By the time she reached the call box at the iron gates with their ornate C design emblazoned on each side, her hands shook so much she could barely press the button. No one answered. The gates simply swung inward to allow her in. Evening shadows stretched across the wide expanse of manicured lawn, making Greer wonder why this household would even be in need of more servants. And why stick an ad on the bulletin board in the grocery? Were the children all rich, spoiled little brats?
She parked under the shade of several large beech trees, swallowing a little nervously and hoping her throat wasn’t so dry she wouldn’t be able to talk. For good measure, she practiced her more mature sounding voice. Maybe it would help. Smoothing her hands down her dark skirt, Greer adjusted the collar of her blouse to be sure nothing other than the hollow of her throat was visible.
After letting the door knocker fall, her gaze darted over the house’s façade. When the door opened, she had to look up a long way.
“Mrs. Greer?” The outright doubt in the tall, golden-haired man’s voice made her spine stiffen.
“Greer’s my first name,” she said. “You disconnected before I could tell you my last name. It’s Davidson.”
He smiled, and it seemed to her there was just a touch of smirk to it, but the expression in his gaze was warm enough. Strange. “Well come on in, Greer Davidson. I’m Chas Lynch, not the person you spoke to by the way. I think Liam will be surprised.”
There was a hint of laughter in the man’s voice, and it made Greer’s nerves flutter. Nothing about this seemed amusing to her. What the hell was she getting into? And who was this guy—the butler?
As he led the way through a hallway stretching nearly the full length of the house, Greer’s eyes widened. She stared at the spacious formal rooms and the broad staircase ascending to an overhead landing. The house was even larger inside than it appeared from the exterior.
“If you don’t mind my asking, Ms. Davidson, just how old are you?”
Her glance darted to his laughing blue eyes. “Almost twenty-five.”
Now she did hear a chuckle. “How almost is almost?”
Greer raised her chin. “Next month.”
He nodded, a smile still making his lips twitch. “Liam will be with us in just a moment.

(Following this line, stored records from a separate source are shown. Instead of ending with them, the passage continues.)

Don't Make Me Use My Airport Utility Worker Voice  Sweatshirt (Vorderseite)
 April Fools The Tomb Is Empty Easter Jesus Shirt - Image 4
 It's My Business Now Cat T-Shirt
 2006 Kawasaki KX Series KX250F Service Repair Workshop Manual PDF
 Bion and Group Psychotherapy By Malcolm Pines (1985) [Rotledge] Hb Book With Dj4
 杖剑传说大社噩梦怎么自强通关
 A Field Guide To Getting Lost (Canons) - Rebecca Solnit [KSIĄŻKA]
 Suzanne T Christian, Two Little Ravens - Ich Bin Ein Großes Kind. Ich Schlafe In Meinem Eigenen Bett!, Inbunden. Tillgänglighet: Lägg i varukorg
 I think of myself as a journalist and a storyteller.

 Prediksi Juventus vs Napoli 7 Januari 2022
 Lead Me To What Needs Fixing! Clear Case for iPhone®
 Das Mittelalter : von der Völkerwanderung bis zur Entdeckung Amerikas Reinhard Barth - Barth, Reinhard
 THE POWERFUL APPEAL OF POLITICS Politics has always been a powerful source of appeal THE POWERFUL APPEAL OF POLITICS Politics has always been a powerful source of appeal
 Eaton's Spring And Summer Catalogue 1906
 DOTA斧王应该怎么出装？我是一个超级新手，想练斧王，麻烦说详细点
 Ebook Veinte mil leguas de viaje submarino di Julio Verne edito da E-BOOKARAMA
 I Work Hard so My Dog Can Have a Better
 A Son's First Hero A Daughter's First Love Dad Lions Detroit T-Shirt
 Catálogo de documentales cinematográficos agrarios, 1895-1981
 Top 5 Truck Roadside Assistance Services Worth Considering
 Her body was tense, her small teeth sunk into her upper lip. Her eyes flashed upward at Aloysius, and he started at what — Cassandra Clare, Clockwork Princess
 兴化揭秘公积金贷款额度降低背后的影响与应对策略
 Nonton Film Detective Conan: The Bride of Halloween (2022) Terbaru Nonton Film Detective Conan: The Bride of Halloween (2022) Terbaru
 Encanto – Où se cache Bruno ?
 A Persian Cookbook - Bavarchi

He was working in his studio and wanted to clean up.”
He opened a door and stepped aside to allow her to precede him into the room. Greer glanced around, quickly absorbing the feel of rich wood paneling, polished furniture and beautiful paintings. Her stomach rolled. What was she doing here? This was so far beyond anything she was accustomed to, even Mrs. Henry couldn’t compare.
“Have a seat. May I call you Greer?”
“Yes.” She saw his medical diplomas on the wall behind the desk. “You’re Dr. Lynch?”
“Chas,” he corrected in an easy tone. Instead of taking a seat behind the desk, he pulled his chair around to the side where he could sit closer to her. Wow. Mr. Bedside Manner.
Greer tried to keep her hands still in her lap, but found she was biting her lip instead. Too many doctors h ad figured prominently in her life the last few years.
“Are you nervous?” Chas asked. “We won’t bite.”